— What to do —
Your copy should start at the line with "Купить Kia Rio с пробегом. Фото: #22" and end at the line with "Fairfield Inn &" in the data below. Transcribe only those lines, exactly, pictures excluded.

— Dataset —
/---

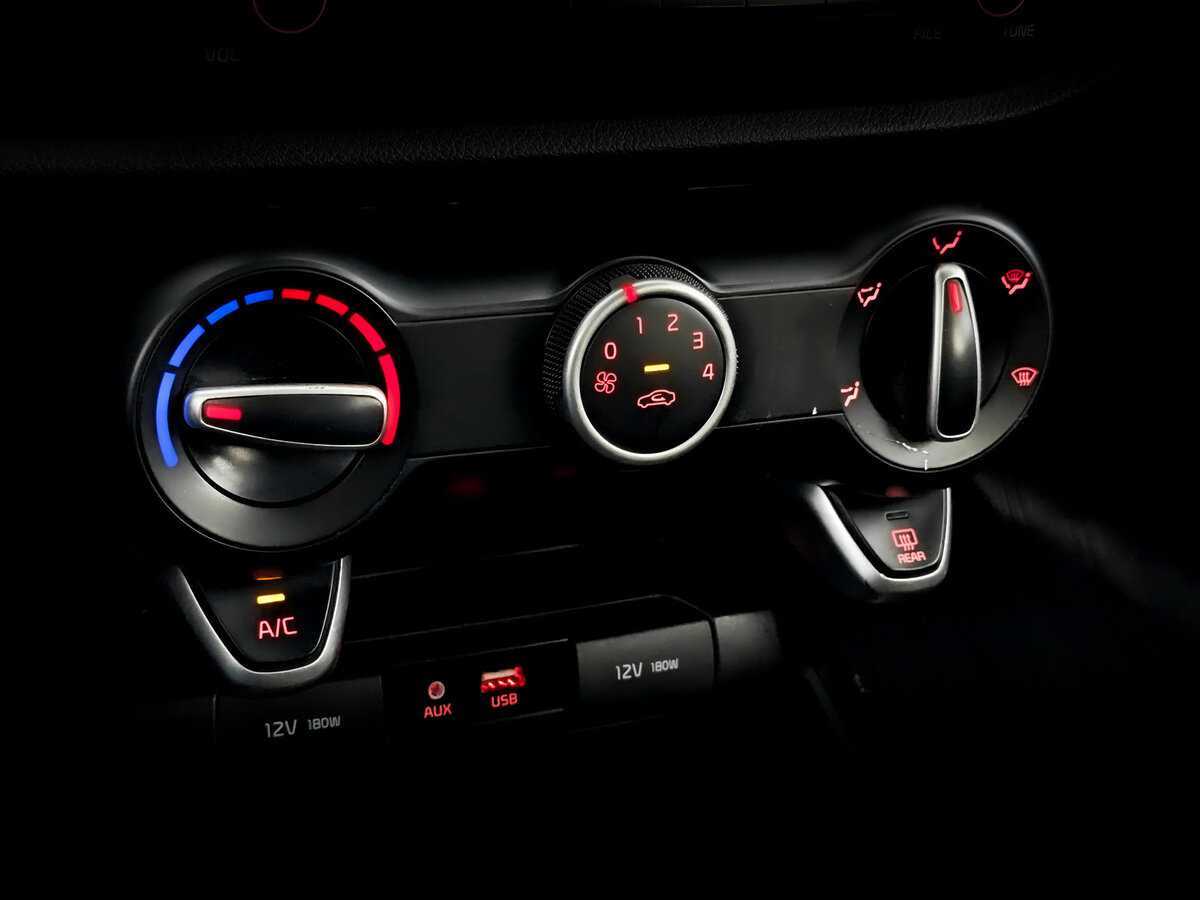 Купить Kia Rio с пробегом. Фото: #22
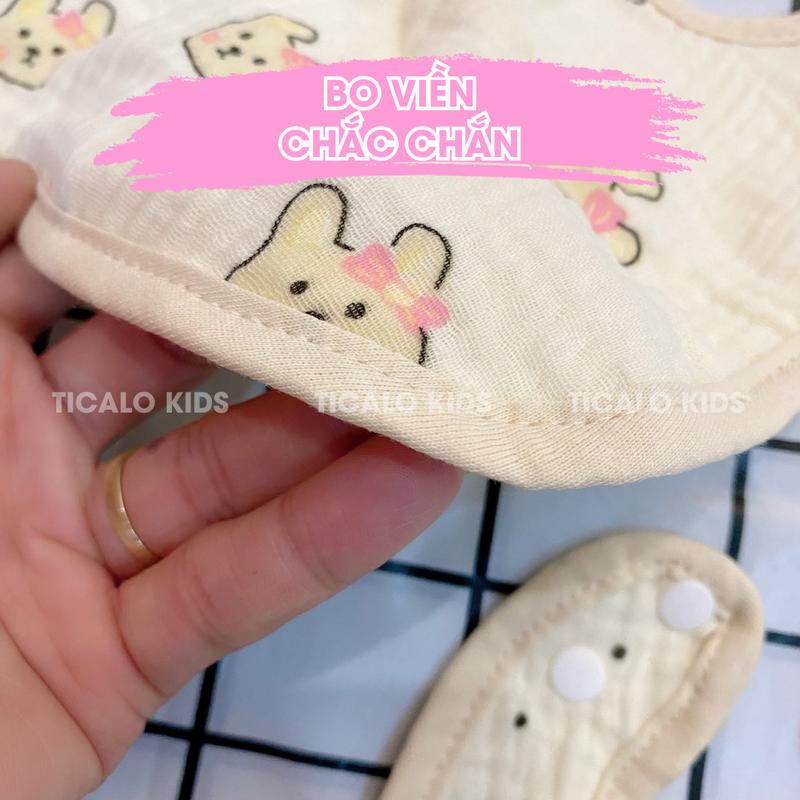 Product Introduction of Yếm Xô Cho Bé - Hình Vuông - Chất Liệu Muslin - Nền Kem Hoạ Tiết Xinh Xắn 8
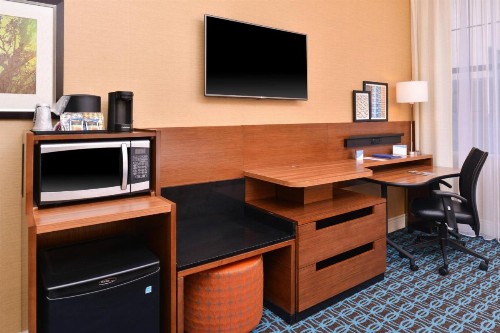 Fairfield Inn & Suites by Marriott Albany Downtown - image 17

\---
/---

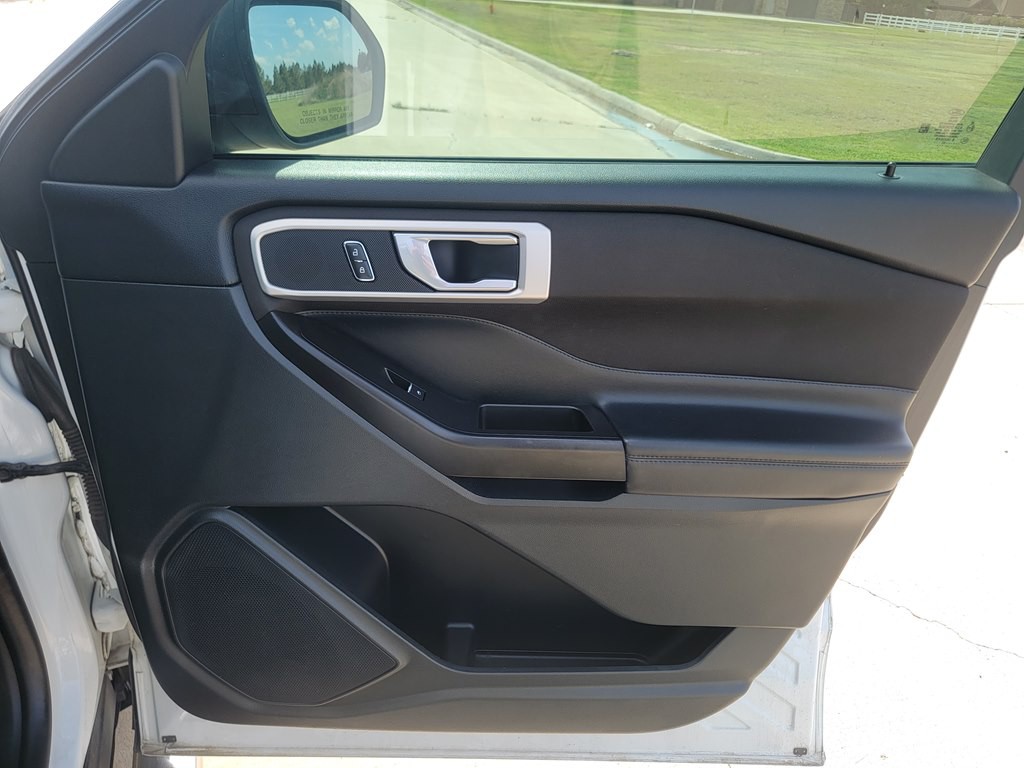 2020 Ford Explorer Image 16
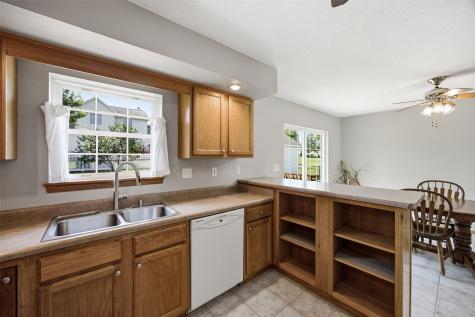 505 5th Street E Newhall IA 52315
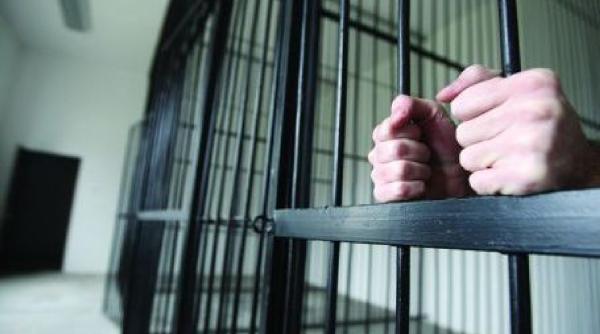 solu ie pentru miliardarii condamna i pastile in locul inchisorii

\---
/---

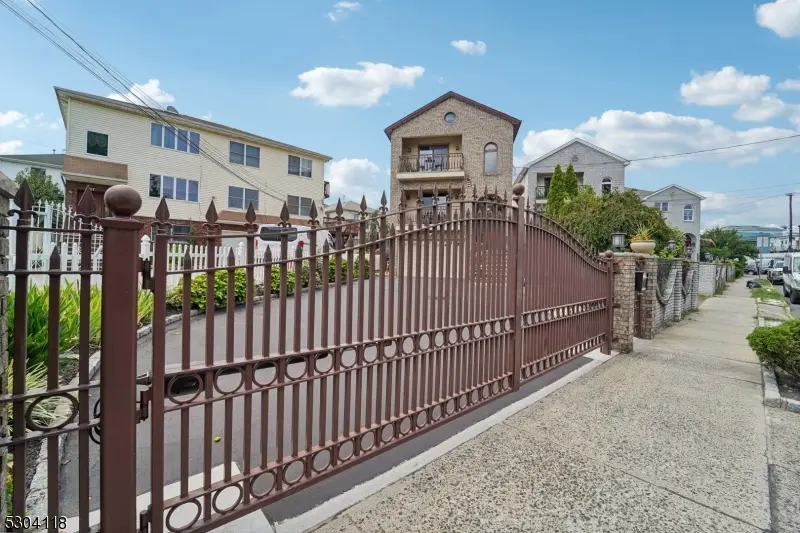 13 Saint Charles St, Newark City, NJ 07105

\---

— Completed task —
 Купить Kia Rio с пробегом. Фото: #22
 Product Introduction of Yếm Xô Cho Bé - Hình Vuông - Chất Liệu Muslin - Nền Kem Hoạ Tiết Xinh Xắn 8
 Fairfield Inn & Suites by Marriott Albany Downtown - image 17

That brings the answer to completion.